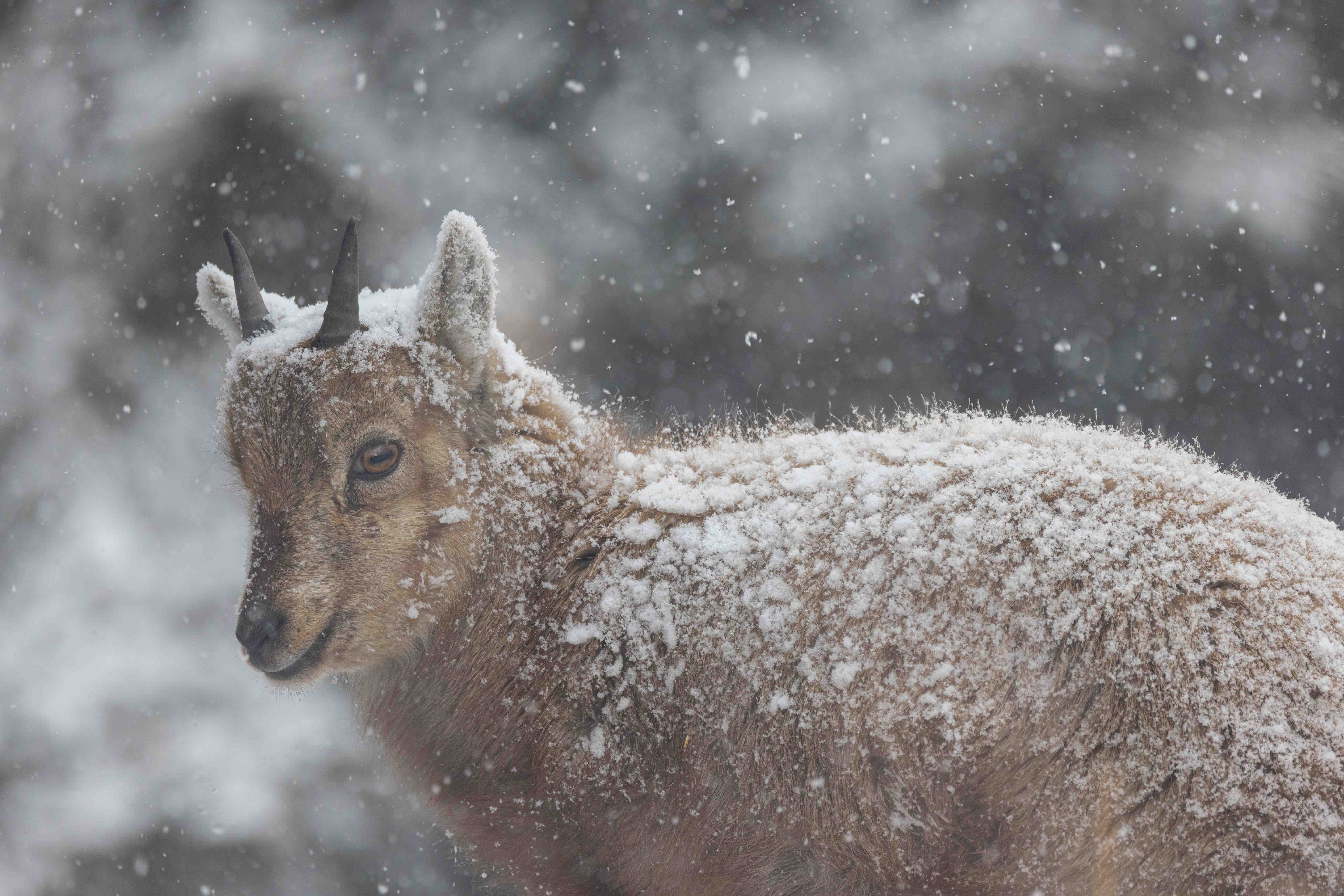 Cabri sous la neige 1 sur 1 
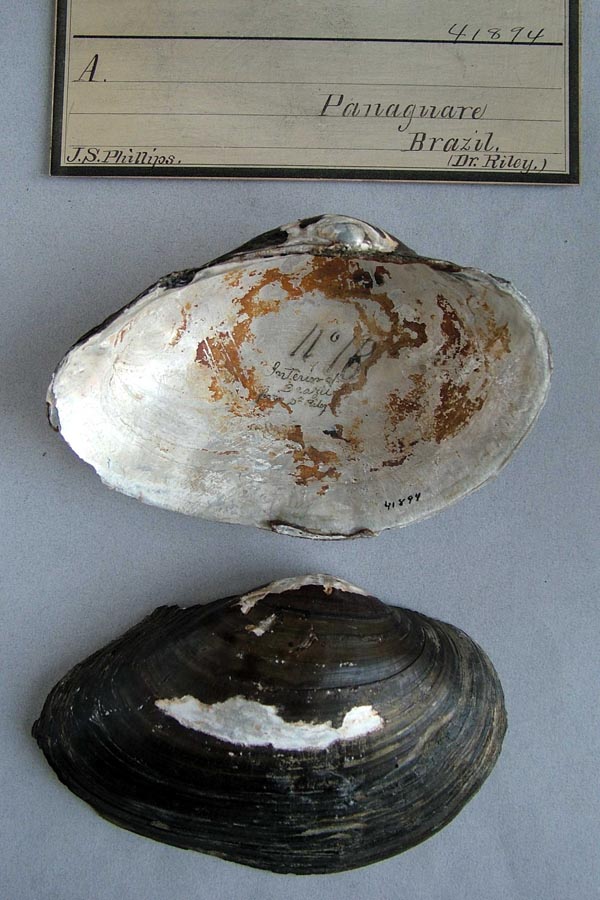 specimen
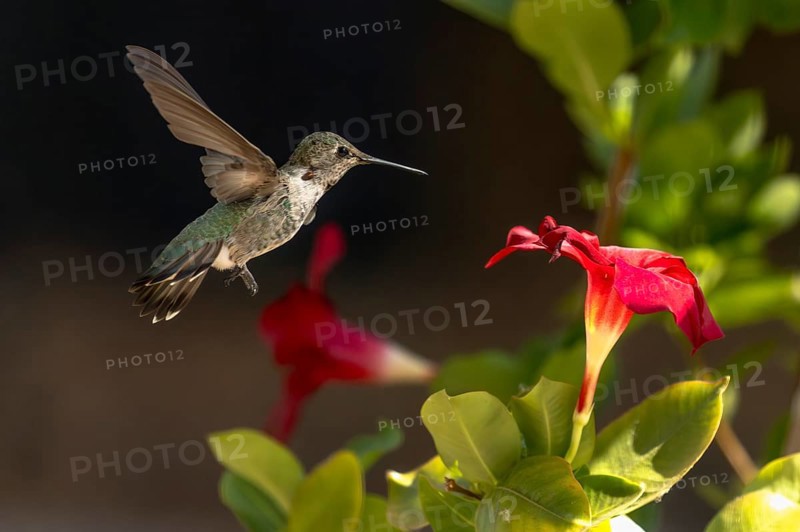 Anna's hummingbird (calypte anna) enjoying the red mandevilla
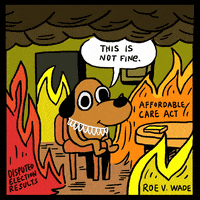 This Is Fine Supreme Court GIF by INTO ACTION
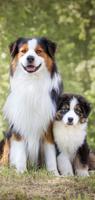 Australian Shepherd HD Wallpapers Ekran Görüntüsü 3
-=-=-
PROBLEM TO SOLVE. Print the lines from the line containing "This Is Fine" through the last line of the listing, exactly as they stand, and leave any pictures out.

RESPONSE AREA.
 This Is Fine Supreme Court GIF by INTO ACTION
 Australian Shepherd HD Wallpapers Ekran Görüntüsü 3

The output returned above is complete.